Можно было бы принять во внимание и то, что Галя, дочь Звягинцева, уже состояла ранее в браке, и ее первый избранник, которого звали Эдиком (вот они — Эдики!..), тоже не остался равнодушным к прелестям тещи. За что и был изгнан из семьи.
Да и сама эта невзрачная, курбастенькая Галя... Та самая, про которую впоследствии рассказывал мне сантехник из домоуправления: про старушку с кошелкой из соседнего подъезда — мол, была когда-то женою писателя...
Конечно, она не всегда была понурой старушкой с кошелкой.
Когда-то она была задорной студенткой, завидной невестой, покладистой женой.
Но проиграла в состязании, притом дважды...
Все эти семейные и сюжетные перипетии, все мотивации поведения героев я оставляю суду читателей нагибинской повести «Моя золотая теща».
Сам же задержу внимание на эпизодах, которые пленили меня при первом прочтении текста и восхищают до сих пор.
Это попытка лобового штурма, предпринятая ошалевшим от страсти зятем прямо на лестнице знаменитого дома Нирензее, что высится в глубине квартала близ Пушкинской площади.
«...Я прижал ее к стене и стал целовать. Позже она расскажет мне со смехом, как удивился Звягинцев побелке недавнего ремонта у нее на спине. Удивился, но ничего не сказал.
Я начал ее раздевать.
— Не хочу здесь. Отведи меня куда-нибудь.
Моему отуманенному водкой и любовью мозгу представилось, что самое укромное и подходящее для ласк место — это Тверской бульвар.
Как странно, я помню, сколько было пуговиц на грации, этих мягких латах Татьяны Алексеевны, когда я раздевал ее на бульварной скамейке (их было шестнадцать), но не помню, шла ли еще война или уже кончилась...»

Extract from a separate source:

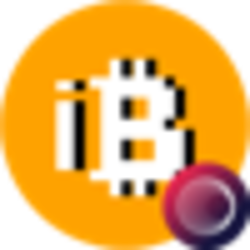 Interest Bearing Bitcoin (Wormhole) crypto logo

Сколь счастливо догадался автор вписать эту любовную сцену в пейзаж московского бульвара, тем самым как бы отметая, растворяя в летящей вечности разницу в возрасте любовников, уподобляя женщину роскошных лет девочке из соседнего двора, школьнице, студенточке из ближайшего института, может быть адрес этого учебного заведения еще более конкретен — Тверской бульвар, 25 — вон, за чугунной вязью ограды виднеется невысокое бело-желтое классическое здание, дом Герцена, питавший вдохновение Блока и Мандельштама, Есенина и Маяковского, Булгакова и Платонова...
Студентами Литературного института мы тащили под сень этих вековых дубов и лип, к этим скамейкам, своих подружек, тоже студенток, читали им стихи, а они ответно рассказывали нам сказки, мы обнимали и целовали их, иногда раздевали, — а мимо нас, мимо нашей неумелой любви, мчались годы, эпохи, войны, революции, празднества, перевороты...
«Мы привели себя в порядок. Я помог ей застегнуть грацию. В начале бульвара, совсем недалеко, повернувшись к нам спиной, стоял Пушкин. Наверное, он одобрял нас своей веселой душой...»
Вскоре после описываемых событий Пушкина переместили на другую сторону площади, развернули его лицом к Тверскому бульвару.